Reinhard Hauke
Der einzige Neupriester
26.06.2019
Vor einer Woche wurde im Erfurter Dom ein junger Mann zum Priester geweiht. Er stammt aus einem Dorf im Eichsfeld und hat seine theologische Ausbildung in Lantershofen erhalten, nachdem er sich für den Dienst als Priester entschieden und beworben hatte. Das ganze Dorf hat regen Anteil an dieser Weihe eines jungen Mannes genommen. Man kann ruhig auch sagen: Sie waren stolz auf ihn. Die Bewohner des Dorfes können nun sagen: „Auch bei uns kann eine Berufung für den geistlichen Dienst wachsen!“
Das ist ja überhaupt immer die Überraschung, die Gott uns schenkt! Er handelt ja nicht systematisch, so dass ein Pfarrer sagen könnte: „Wenn ich diese oder jene pastorale Aktivität entfalte, dann werden sich mit Sicherheit junge Menschen für den Dienst in der Kirche melden!“ Sicherlich bedarf es der klugen Überlegungen, was Berufungen fördert und was sie verhindert. Auch in Familienkreisen muss darüber gesprochen werden. Machen kann es aber niemand, sondern eigentlich müssen wir nur wachsam sein, wenn Gott Berufungen weckt, diese dann erkennen und fördern.

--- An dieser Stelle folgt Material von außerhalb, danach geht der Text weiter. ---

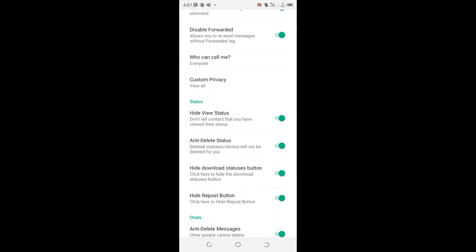After seeing status, there is an option reading Hide Viewed Status and don't tell your contacts that you have viewed their status. If you don't want contacts to know that you have viewed their status, you can switch it on.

Anlässlich der Priesterweihe wurde ich von einem Journalisten gefragt, warum es denn nur diese einzige Priesterweihe gab. Diese Frage hat mich verwirrt, denn ich war eigentlich froh, dass wir dadurch auch mit der Personalplanung hinkommen. Der Neupriester kann jetzt die Stelle eines „altgedienten“ Kaplans übernehmen, der nun bald Pfarrer sein wird. In der Frage des Journalistenklang so etwas wie Traurigkeit, aber auch ein bisschen der Vorwurf, dass wir uns als Bistumsleitung nicht richtig gekümmert haben.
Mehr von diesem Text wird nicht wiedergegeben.